◆ INFORMATION:

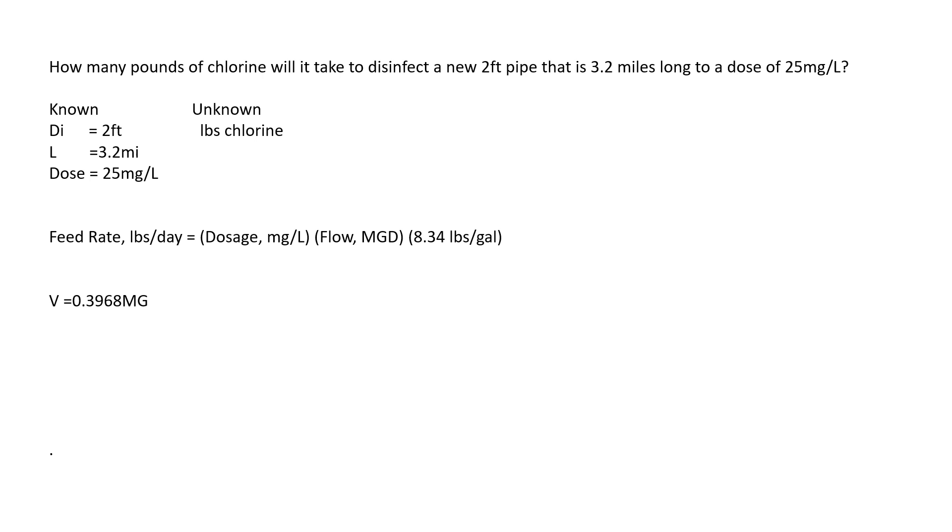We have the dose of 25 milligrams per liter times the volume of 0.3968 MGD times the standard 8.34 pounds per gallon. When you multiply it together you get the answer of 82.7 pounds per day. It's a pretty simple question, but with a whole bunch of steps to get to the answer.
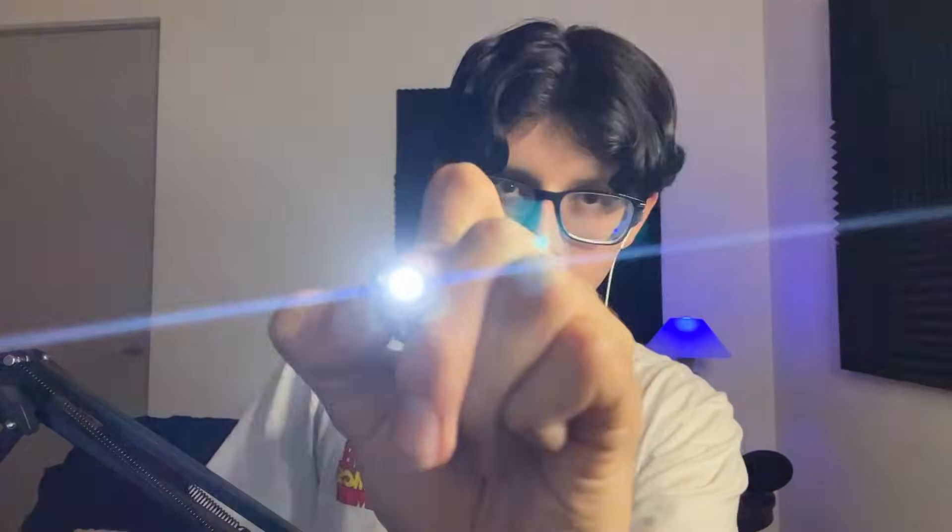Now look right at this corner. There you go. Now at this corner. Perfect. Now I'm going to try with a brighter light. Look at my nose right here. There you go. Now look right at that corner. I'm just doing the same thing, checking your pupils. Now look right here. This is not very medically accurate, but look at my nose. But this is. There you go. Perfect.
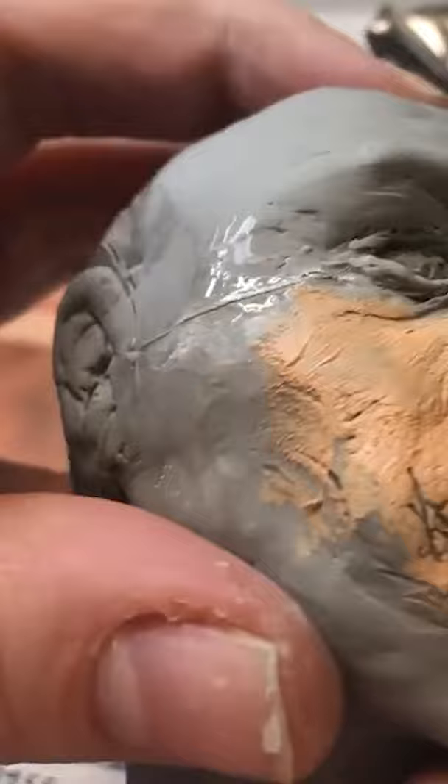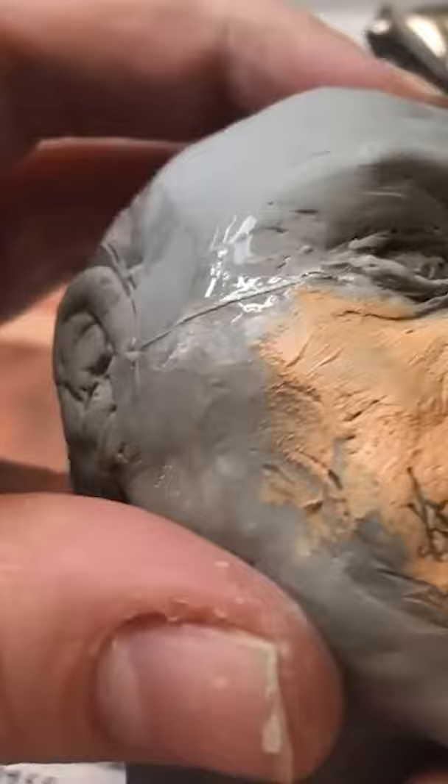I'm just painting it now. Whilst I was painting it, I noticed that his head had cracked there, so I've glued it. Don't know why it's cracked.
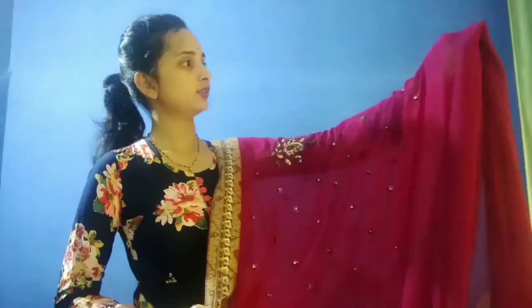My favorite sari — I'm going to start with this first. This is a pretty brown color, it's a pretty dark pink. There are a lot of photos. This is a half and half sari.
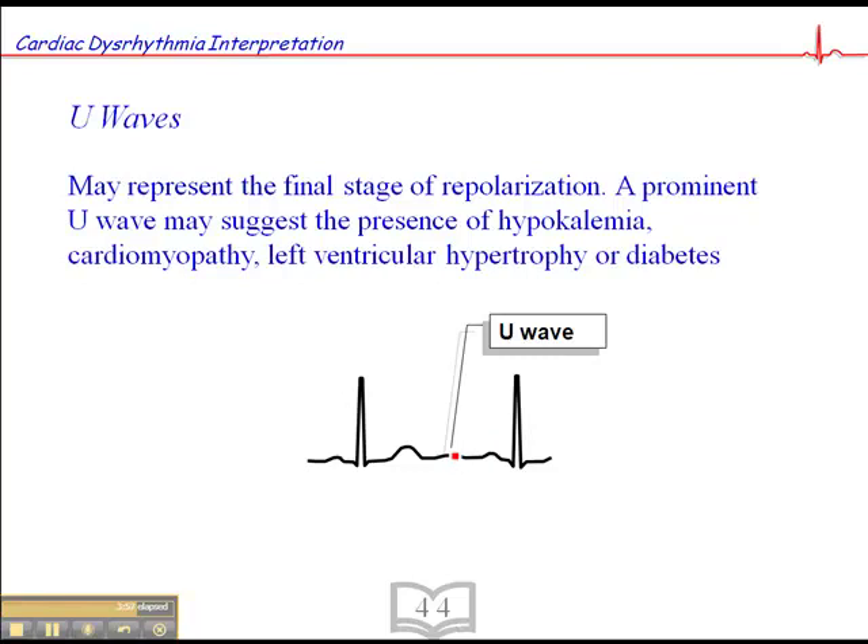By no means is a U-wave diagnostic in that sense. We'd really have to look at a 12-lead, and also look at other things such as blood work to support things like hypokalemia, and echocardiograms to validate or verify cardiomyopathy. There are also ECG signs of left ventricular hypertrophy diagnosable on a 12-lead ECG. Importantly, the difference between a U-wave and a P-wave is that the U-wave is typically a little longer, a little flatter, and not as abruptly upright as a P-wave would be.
---
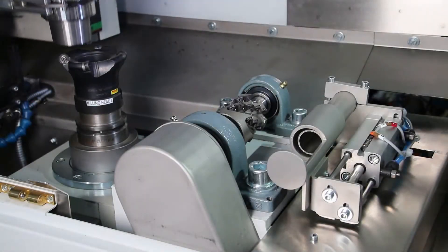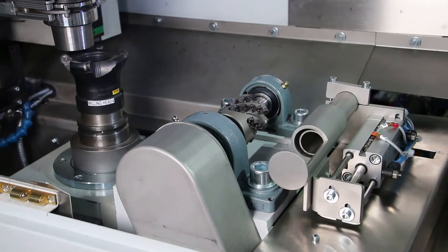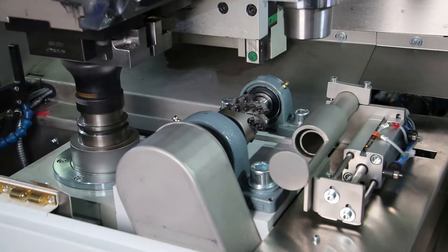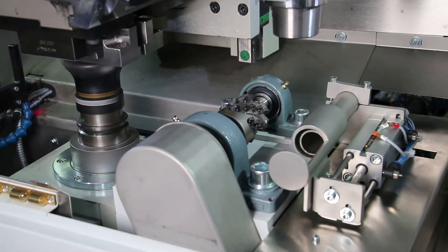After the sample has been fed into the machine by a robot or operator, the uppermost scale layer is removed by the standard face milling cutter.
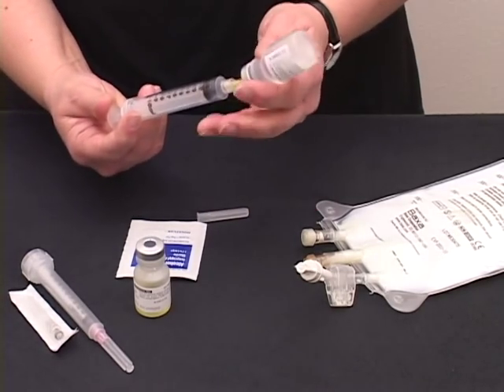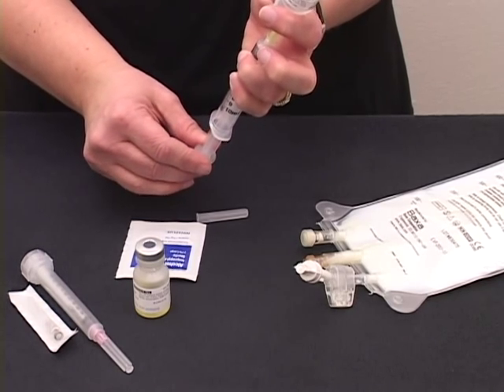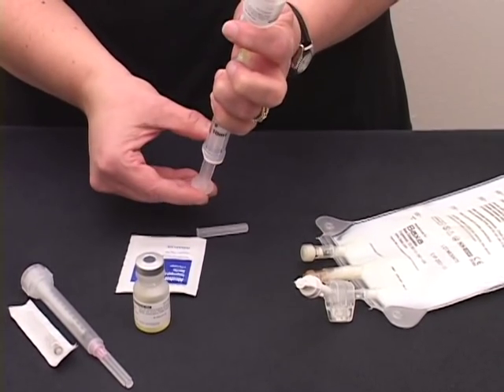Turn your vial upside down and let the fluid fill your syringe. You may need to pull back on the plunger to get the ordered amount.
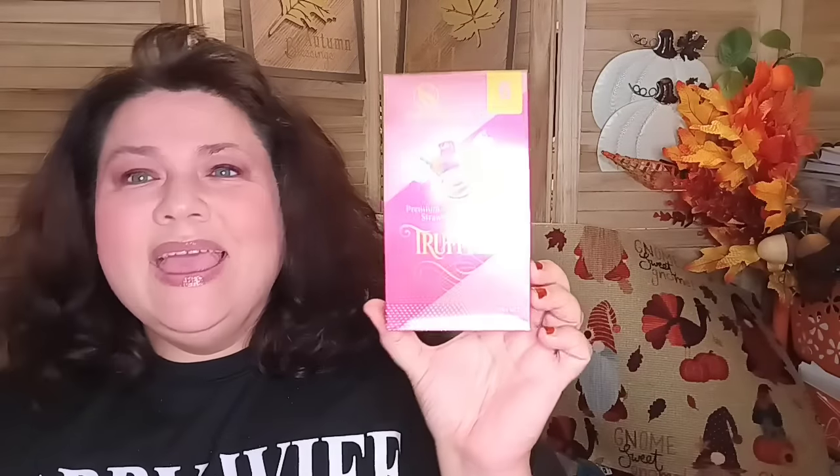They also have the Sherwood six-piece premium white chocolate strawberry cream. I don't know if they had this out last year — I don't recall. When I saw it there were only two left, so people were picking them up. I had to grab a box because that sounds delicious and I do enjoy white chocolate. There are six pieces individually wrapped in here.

◆ PROBLEM REQUIREMENTS: Restate the lines above from the one containing "Turn your vial" through the one containing "They also have", inclusive, exactly and without pictures.

◆ YOUR RESPONSE:
Turn your vial upside down and let the fluid fill your syringe. You may need to pull back on the plunger to get the ordered amount.
They also have the Sherwood six-piece premium white chocolate strawberry cream. I don't know if they had this out last year — I don't recall. When I saw it there were only two left, so people were picking them up. I had to grab a box because that sounds delicious and I do enjoy white chocolate. There are six pieces individually wrapped in here.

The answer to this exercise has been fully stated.